3
votes

A part of our application initiates transfers from Amazon S3 to Google Cloud Storage via the storage transfer service API. We've had this up and running successfully for several months until yesterday when our transfers stopped working. We can see a transfer was initiated in the console, but it hangs indefinitely with a single history item stating: "This transfer is starting..." We have a background process polling the transfer status which we see returning a status of "transfer_calculating"

In trying to debug this issue, we setup a transfer via the storage console. We used the same AWS access key id/secret access key used by our application, and the transfer completed successfully.
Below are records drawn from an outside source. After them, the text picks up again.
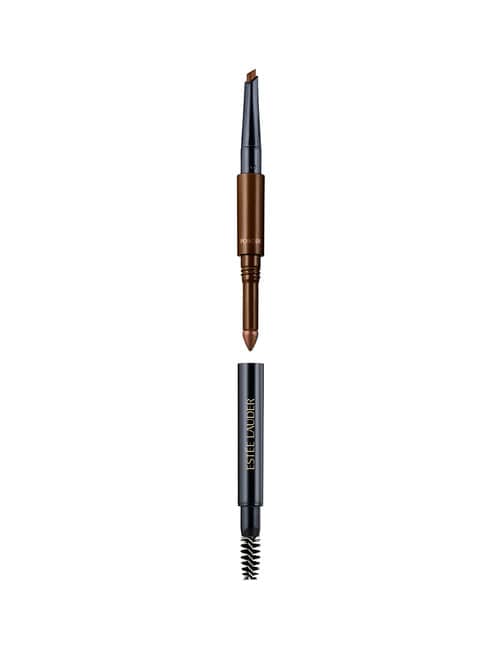 Estee Lauder The Brow Multi Tasker product photo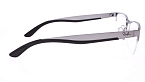 Оправы -  Ray-Ban 0RX7551-3214 56 (+) - 2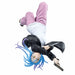 Sakamoto Days Akao Akira Vibration Stars figure 13cm-3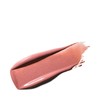 MAC Lustreglass Sheer-Shine Lipstick: Lightweight + Glossy Lipstick:_Local Celeb
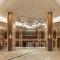 Four Points by Sheraton Jiaxing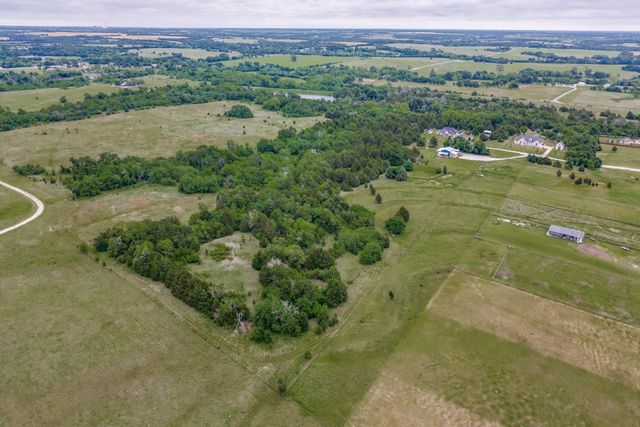 2181 Bledsoe Road, Gunter, TX 75058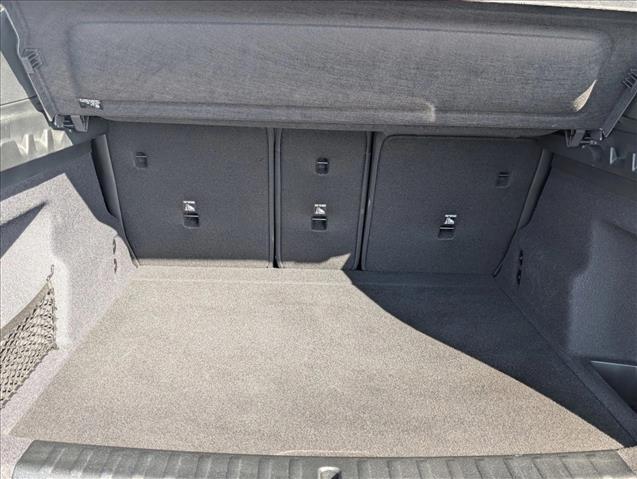 2023 BMW X1 xDrive28i Roseville CA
This leads us to believe the issue is isolated to the transfer service API or our code that initiates the API call.

Transfer Job Code:

TransferJob tjob = new TransferJob()
    .setDescription(description)
    .setStatus('ENABLED')
    .setProjectId(transferGoogleProject)
    .setTransferSpec(
    new TransferSpec()
        .setGcsDataSink(new GcsData().setBucketName(googleStorageBucket))
        .setAwsS3DataSource(
        new AwsS3Data()
            .setBucketName(s3Bucket)
            .setAwsAccessKey(new AwsAccessKey().setAccessKeyId(transferAwsKey).setSecretAccessKey(transferAwsSecret)))
        .setObjectConditions(new ObjectConditions().setIncludePrefixes(s3Keys))
        .setTransferOptions(
        new TransferOptions()
            .setDeleteObjectsFromSourceAfterTransfer(false)
            .setOverwriteObjectsAlreadyExistingInSink(true)
            .setDeleteObjectsUniqueInSink(false)))
    .setSchedule(
    new Schedule()
        .setScheduleStartDate(date)
        .setScheduleEndDate(date)
        .setStartTimeOfDay(time))

tjob = storagetransfer.transferJobs().create(tjob).execute()

Library configuration:

<dependency>
    <groupId>com.google.api-client</groupId>
    <artifactId>google-api-client</artifactId>
    <version>1.19.1</version>
</dependency>
<dependency>
    <groupId>com.google.apis</groupId>
    <artifactId>google-api-services-bigquery</artifactId>
    <version>v2-rev191-1.19.1</version>
</dependency>
<dependency>
    <groupId>com.google.apis</groupId>
    <artifactId>google-api-services-storage</artifactId>
    <version>v1-rev26-1.19.1</version>
</dependency>
<dependency>
    <groupId>com.google.apis</groupId>
    <artifactId>google-api-services-storagetransfer</artifactId>
    <version>v1-rev3-1.19.1</version>
</dependency>
<dependency>
    <groupId>com.google.oauth-client</groupId>
    <artifactId>google-oauth-client</artifactId>
    <version>1.19.0</version>
</dependency>
<dependency>
    <groupId>com.google.http-client</groupId>
    <artifactId>google-http-client</artifactId>
    <version>1.19.0</version>
</dependency>
<dependency>
    <groupId>com.google.http-client</groupId>
    <artifactId>google-http-client-jackson2</artifactId>
    <version>1.19.0</version>
</dependency>

We've bumped the versions up 1.21.0 in our development environment but the transfers still get stuck at "This transfer is starting..."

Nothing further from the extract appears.